***** SOURCE INFORMATION

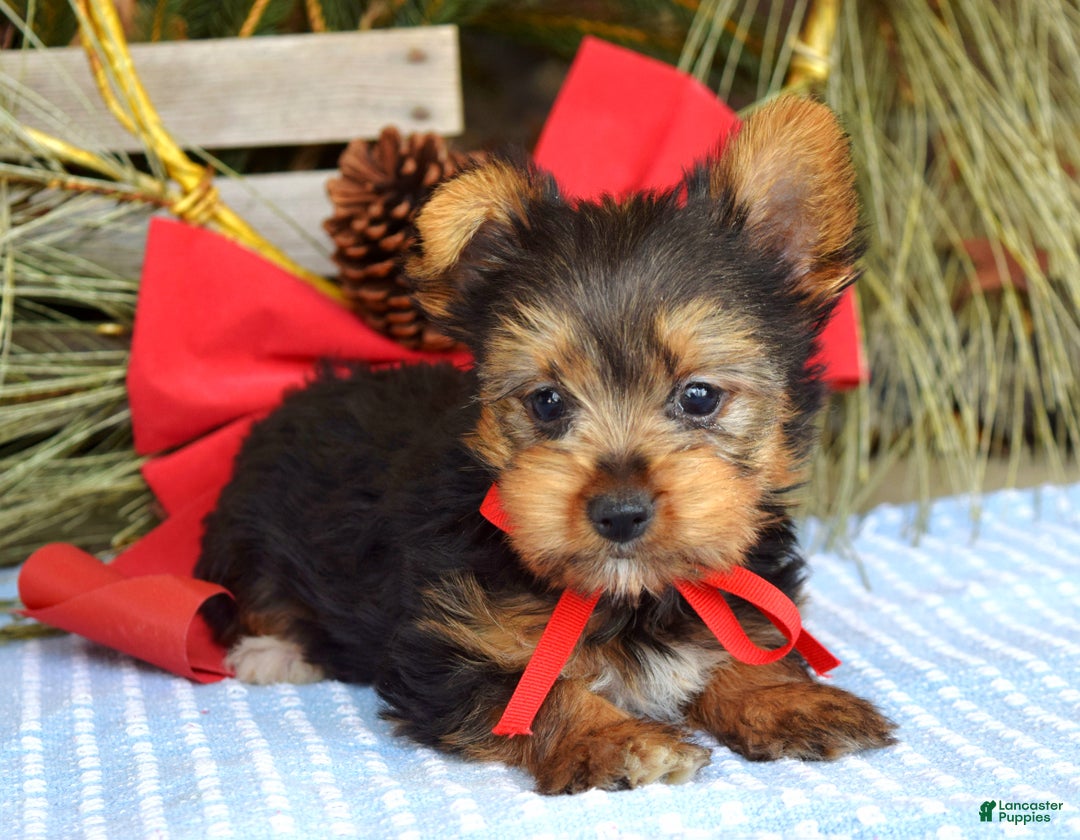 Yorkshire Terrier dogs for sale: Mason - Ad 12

**********
***** SOURCE INFORMATION

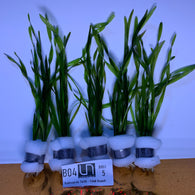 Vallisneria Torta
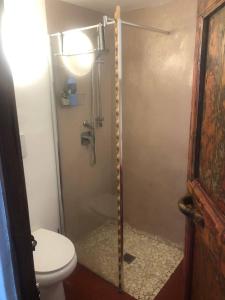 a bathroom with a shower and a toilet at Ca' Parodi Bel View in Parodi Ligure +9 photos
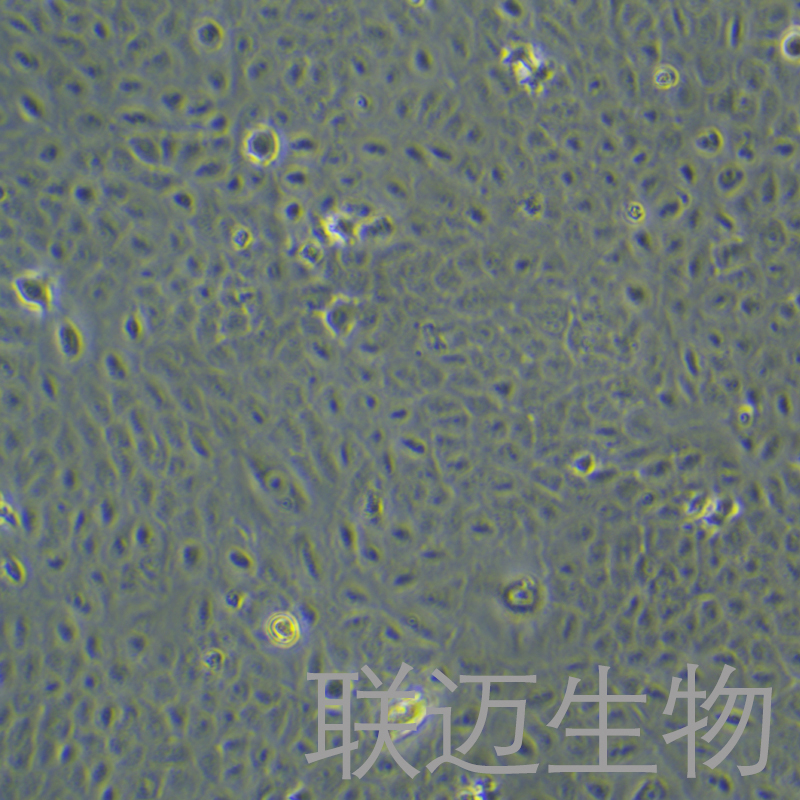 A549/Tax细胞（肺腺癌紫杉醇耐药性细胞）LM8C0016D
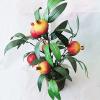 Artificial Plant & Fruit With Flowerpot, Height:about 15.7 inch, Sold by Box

**********

## TASK STATEMENT
Using the data above, set down each line from the line with "a bathroom with" to the line with "Artificial Plant &" exactly, both ends included, and leave the pictures behind. Nothing else belongs.

## OUTPUT OF THE EXERCISE
 a bathroom with a shower and a toilet at Ca' Parodi Bel View in Parodi Ligure +9 photos
 A549/Tax细胞（肺腺癌紫杉醇耐药性细胞）LM8C0016D
 Artificial Plant & Fruit With Flowerpot, Height:about 15.7 inch, Sold by Box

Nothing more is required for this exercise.